[RECORDS SHOWN]
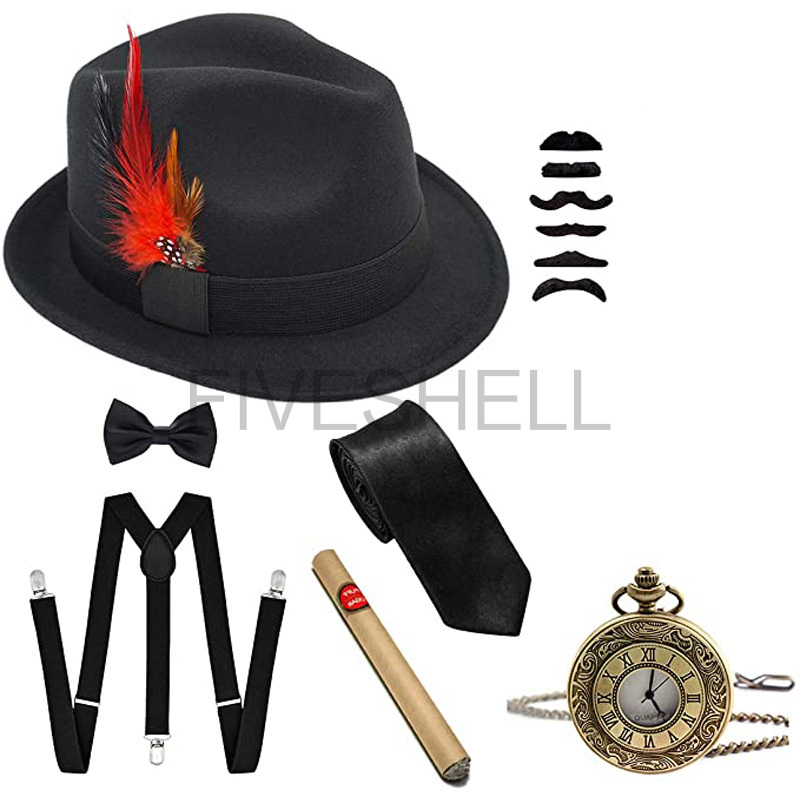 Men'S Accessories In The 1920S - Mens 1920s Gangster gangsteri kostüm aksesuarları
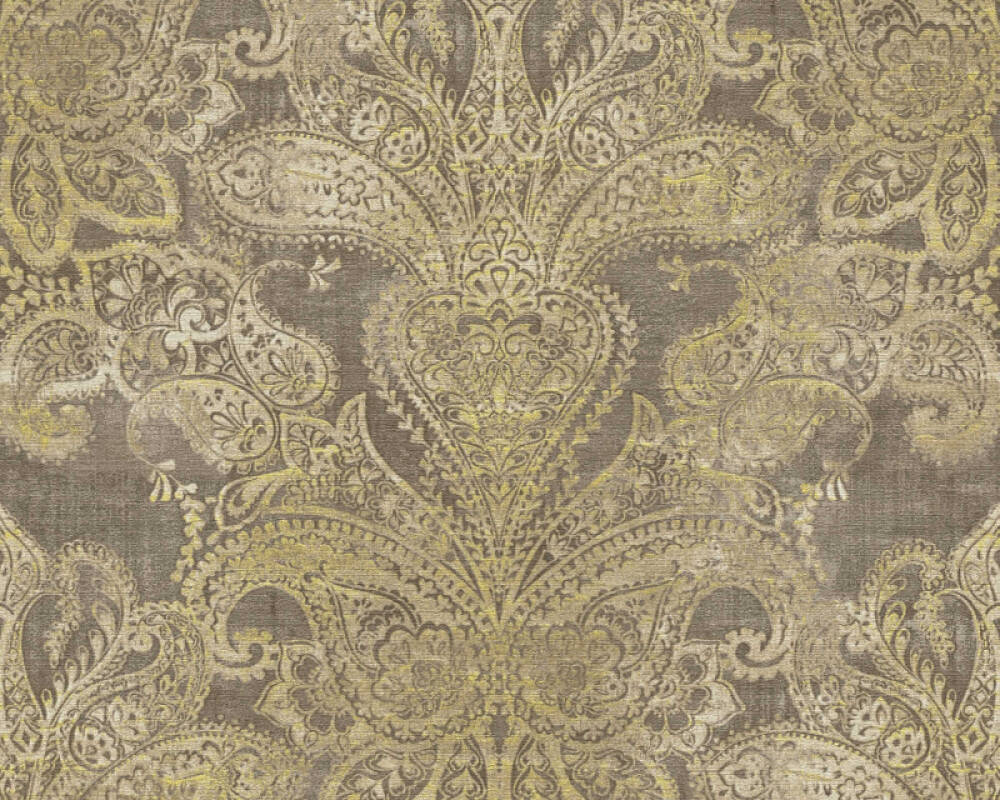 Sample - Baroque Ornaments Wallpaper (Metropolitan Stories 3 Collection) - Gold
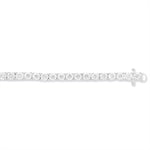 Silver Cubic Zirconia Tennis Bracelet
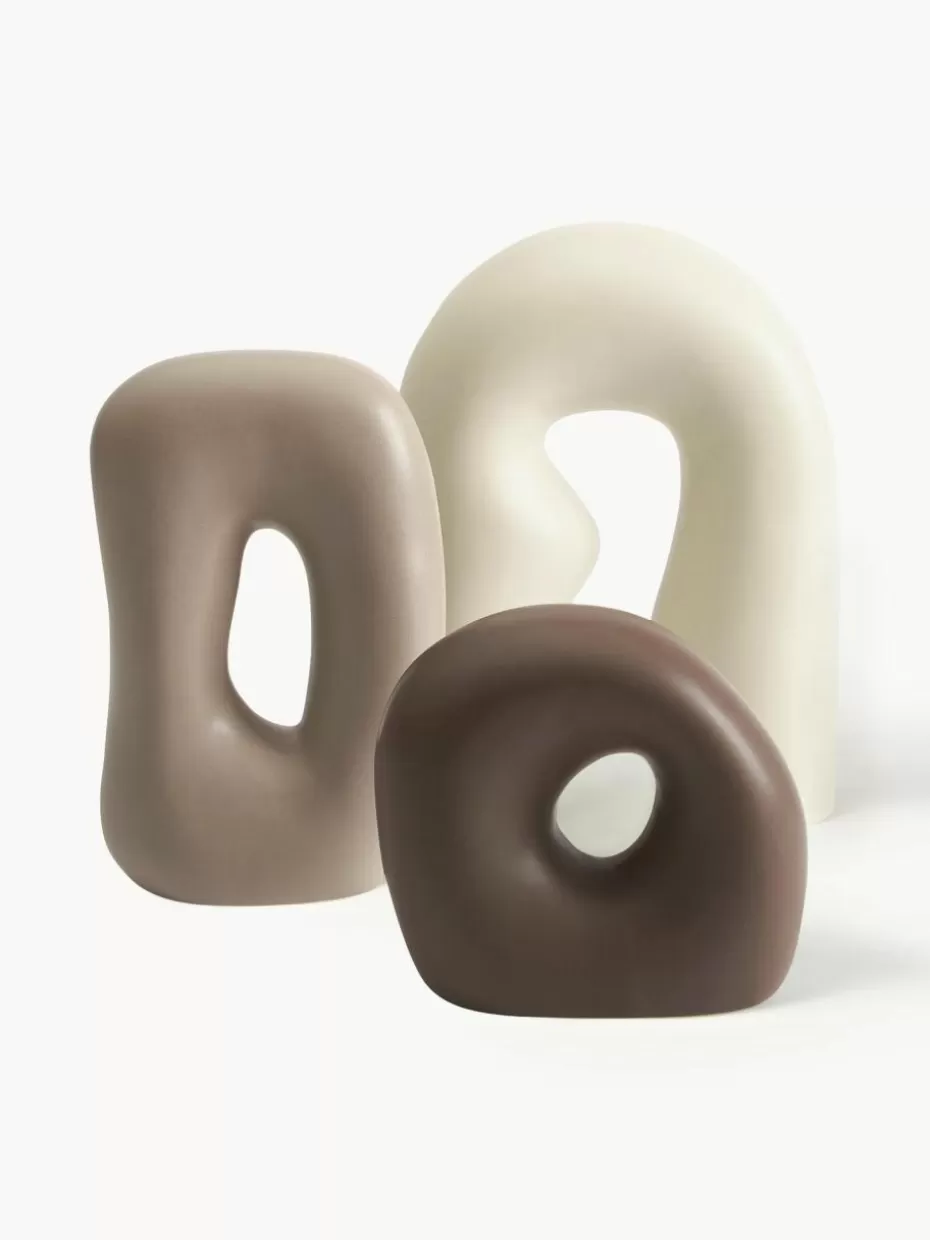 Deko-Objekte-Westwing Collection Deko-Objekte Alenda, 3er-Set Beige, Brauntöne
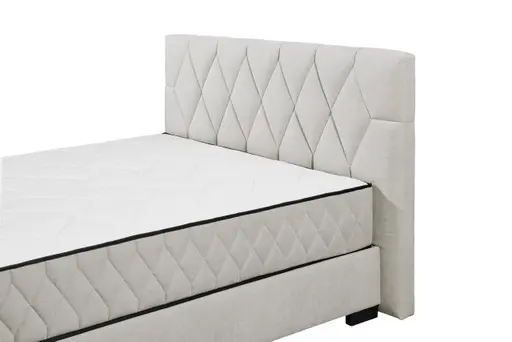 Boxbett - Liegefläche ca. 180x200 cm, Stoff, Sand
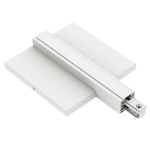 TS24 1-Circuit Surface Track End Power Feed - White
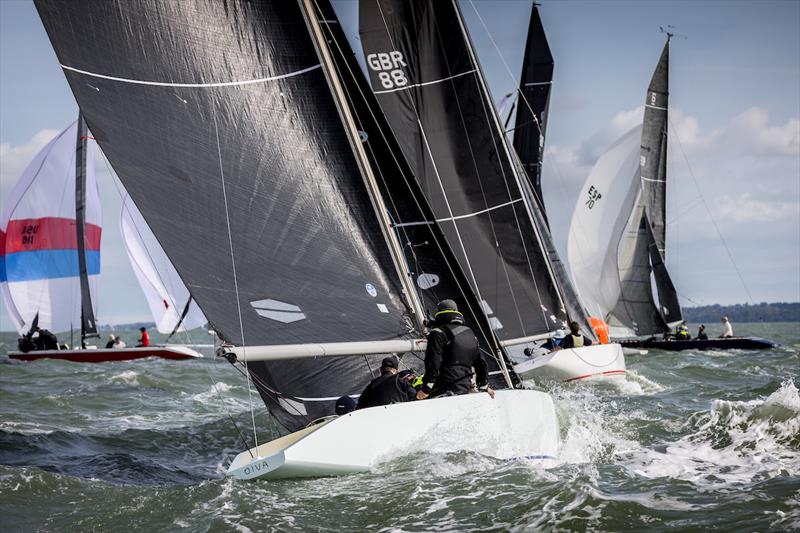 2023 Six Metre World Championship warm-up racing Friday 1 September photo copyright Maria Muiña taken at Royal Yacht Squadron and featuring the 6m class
[/RECORDS SHOWN]
The response should repeat every entry above exactly and include none of the pictures.

→ **ANSWER**
 Men'S Accessories In The 1920S - Mens 1920s Gangster gangsteri kostüm aksesuarları
 Sample - Baroque Ornaments Wallpaper (Metropolitan Stories 3 Collection) - Gold
 Silver Cubic Zirconia Tennis Bracelet
 Deko-Objekte-Westwing Collection Deko-Objekte Alenda, 3er-Set Beige, Brauntöne
 Boxbett - Liegefläche ca. 180x200 cm, Stoff, Sand
 TS24 1-Circuit Surface Track End Power Feed - White
 2023 Six Metre World Championship warm-up racing Friday 1 September photo copyright Maria Muiña taken at Royal Yacht Squadron and featuring the 6m class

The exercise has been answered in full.